Skip all pictures. Set down only the lines starting at the line containing "Cute Rainbow Cloud" and running to the end of the listing.

◆ DATA EXTRACT:
• • • •

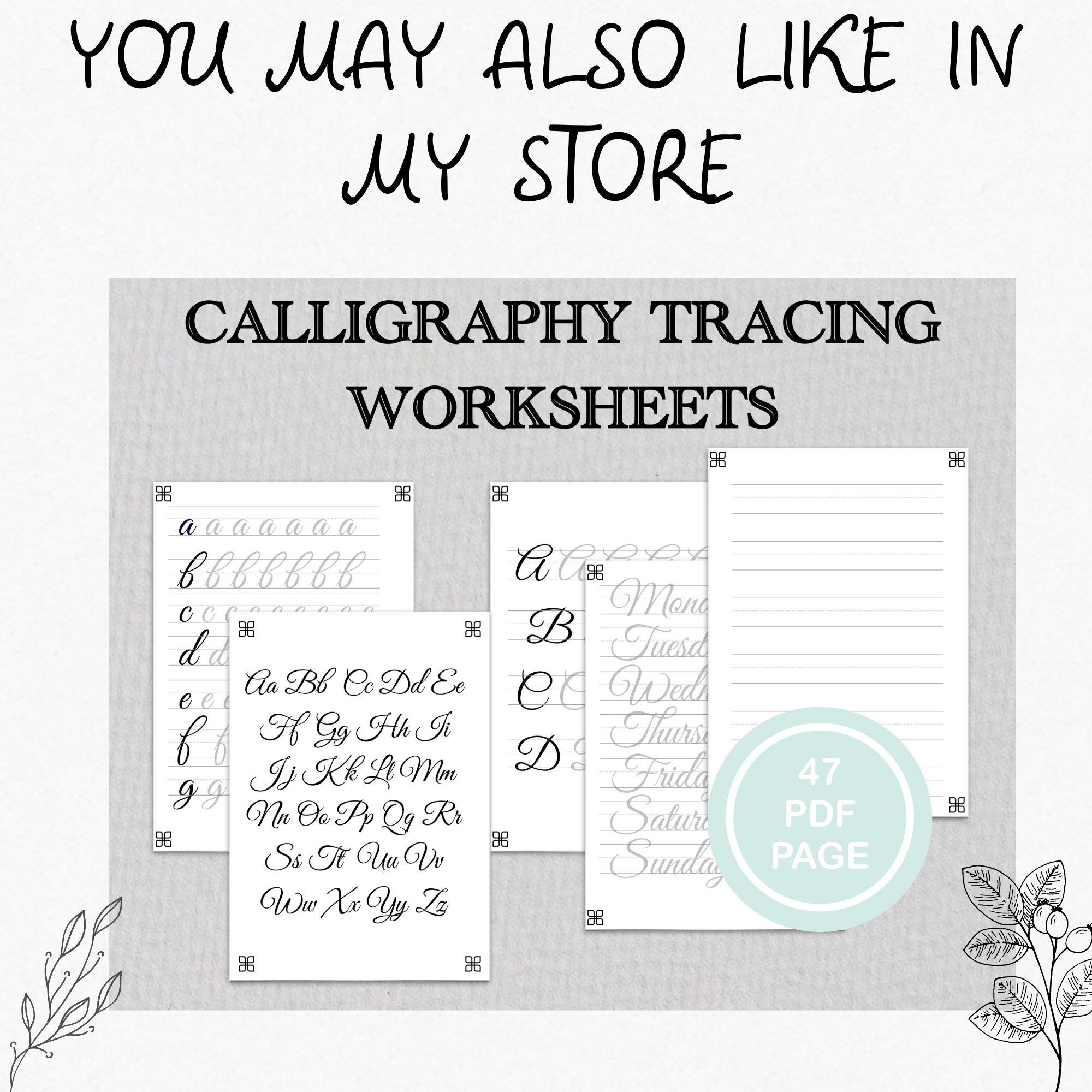 Calligraphy Worksheets Calligraphy Practice SheetsModern | Etsy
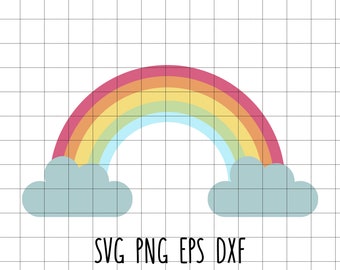 Cute Rainbow Cloud Svg Dxf Eps Hand Drawn Vector Clip Art Cut Vinyl Transfer Scrapbooking Nursery Decor Baby Shower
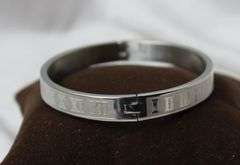 Stainless Steel Silver Color Roman Numeral Bracelet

• • • •

◆ PROBLEM SOLUTION:
 Cute Rainbow Cloud Svg Dxf Eps Hand Drawn Vector Clip Art Cut Vinyl Transfer Scrapbooking Nursery Decor Baby Shower
 Stainless Steel Silver Color Roman Numeral Bracelet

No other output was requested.